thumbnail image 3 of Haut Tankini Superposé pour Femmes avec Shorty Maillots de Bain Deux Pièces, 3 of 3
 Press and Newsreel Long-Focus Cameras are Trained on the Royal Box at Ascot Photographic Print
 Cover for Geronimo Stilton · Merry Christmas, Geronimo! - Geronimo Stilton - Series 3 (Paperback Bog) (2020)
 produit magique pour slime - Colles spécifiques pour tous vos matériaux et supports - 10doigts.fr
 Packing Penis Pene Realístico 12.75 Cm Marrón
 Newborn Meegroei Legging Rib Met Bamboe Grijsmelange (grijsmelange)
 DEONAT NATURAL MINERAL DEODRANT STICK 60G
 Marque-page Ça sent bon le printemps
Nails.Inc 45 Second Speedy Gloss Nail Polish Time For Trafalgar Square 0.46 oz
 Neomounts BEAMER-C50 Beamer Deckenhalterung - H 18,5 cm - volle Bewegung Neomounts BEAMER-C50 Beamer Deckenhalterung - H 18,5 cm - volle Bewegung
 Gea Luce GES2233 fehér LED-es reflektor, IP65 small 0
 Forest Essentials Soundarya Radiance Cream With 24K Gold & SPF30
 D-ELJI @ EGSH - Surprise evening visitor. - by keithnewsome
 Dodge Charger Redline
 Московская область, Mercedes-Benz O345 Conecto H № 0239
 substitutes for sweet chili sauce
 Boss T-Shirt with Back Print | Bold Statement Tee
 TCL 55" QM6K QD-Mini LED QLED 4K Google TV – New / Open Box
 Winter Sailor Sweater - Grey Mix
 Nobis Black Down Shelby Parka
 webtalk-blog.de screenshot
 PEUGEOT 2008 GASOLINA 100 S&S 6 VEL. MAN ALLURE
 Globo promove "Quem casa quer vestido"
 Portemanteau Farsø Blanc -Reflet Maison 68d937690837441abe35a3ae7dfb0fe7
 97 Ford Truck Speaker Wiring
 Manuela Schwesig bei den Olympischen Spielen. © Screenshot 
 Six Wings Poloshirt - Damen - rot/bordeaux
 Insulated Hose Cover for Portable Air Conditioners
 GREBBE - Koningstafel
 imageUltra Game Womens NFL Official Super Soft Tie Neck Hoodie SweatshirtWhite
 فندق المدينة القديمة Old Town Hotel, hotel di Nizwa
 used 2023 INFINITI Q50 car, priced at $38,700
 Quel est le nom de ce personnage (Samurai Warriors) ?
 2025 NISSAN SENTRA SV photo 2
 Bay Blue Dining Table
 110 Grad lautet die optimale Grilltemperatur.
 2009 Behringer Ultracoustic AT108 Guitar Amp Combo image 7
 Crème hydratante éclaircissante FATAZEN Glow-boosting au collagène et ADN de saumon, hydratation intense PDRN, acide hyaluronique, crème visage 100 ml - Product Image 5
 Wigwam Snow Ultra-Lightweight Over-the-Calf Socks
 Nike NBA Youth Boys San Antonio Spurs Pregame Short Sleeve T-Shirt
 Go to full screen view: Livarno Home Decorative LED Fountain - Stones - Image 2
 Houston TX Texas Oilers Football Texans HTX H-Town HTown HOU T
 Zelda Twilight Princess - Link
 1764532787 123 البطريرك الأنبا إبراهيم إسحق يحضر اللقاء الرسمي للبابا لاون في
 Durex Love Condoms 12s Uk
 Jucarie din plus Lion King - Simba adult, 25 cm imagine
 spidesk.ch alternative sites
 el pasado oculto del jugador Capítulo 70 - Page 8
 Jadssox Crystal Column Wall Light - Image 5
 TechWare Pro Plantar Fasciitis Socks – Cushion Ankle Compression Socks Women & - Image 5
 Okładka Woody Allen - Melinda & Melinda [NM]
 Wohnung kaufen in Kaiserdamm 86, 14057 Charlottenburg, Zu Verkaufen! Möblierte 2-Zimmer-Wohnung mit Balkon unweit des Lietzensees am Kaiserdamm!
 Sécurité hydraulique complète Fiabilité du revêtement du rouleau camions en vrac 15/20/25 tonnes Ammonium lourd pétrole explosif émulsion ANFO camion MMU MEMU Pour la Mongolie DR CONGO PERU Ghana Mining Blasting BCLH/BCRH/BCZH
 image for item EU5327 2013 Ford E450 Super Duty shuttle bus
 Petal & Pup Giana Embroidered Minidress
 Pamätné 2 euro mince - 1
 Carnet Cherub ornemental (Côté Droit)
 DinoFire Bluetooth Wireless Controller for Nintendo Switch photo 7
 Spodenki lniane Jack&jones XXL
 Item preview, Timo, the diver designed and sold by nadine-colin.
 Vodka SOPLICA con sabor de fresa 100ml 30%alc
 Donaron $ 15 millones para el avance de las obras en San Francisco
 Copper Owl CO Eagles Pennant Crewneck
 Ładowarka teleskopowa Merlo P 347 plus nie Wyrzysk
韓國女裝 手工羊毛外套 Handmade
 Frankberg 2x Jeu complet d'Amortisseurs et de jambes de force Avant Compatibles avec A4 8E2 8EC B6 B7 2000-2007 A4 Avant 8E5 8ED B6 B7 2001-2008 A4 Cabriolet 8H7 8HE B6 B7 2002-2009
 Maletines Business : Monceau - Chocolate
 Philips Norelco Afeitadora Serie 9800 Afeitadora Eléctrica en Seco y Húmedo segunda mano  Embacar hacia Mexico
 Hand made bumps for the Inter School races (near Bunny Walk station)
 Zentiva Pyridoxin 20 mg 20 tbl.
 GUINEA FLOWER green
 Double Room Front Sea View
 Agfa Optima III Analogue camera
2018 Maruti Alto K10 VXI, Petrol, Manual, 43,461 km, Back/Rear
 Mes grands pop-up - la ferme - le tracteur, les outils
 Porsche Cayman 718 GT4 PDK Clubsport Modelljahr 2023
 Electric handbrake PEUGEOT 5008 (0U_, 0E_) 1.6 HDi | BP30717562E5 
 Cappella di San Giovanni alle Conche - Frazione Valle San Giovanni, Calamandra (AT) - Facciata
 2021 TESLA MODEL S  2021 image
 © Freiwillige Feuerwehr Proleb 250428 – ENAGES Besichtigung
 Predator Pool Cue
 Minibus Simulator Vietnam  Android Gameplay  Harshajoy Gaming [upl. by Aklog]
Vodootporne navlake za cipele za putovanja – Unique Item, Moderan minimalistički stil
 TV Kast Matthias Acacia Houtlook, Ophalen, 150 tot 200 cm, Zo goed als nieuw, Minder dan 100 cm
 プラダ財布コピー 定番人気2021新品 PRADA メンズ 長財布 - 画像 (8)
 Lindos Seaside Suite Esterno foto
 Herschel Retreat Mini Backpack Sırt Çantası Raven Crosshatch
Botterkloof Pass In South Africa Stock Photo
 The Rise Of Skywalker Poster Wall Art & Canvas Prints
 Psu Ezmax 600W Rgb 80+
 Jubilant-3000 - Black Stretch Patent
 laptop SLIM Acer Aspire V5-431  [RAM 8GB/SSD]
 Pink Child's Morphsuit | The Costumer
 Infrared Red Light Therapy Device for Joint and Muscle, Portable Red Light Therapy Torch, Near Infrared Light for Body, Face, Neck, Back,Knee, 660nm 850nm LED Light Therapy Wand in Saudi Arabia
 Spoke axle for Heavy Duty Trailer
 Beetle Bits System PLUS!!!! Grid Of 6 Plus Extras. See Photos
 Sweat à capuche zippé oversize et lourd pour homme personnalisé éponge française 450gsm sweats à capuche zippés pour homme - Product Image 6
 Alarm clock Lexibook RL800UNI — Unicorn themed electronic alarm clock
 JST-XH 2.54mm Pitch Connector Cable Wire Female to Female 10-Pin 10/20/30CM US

◇ ◇ ◇ ◇ ◇ ◇ ◇

Activity.
Using the listing, filter for "Black" and return the matching lines.

Exercise response.
 Nobis Black Down Shelby Parka
 Jubilant-3000 - Black Stretch Patent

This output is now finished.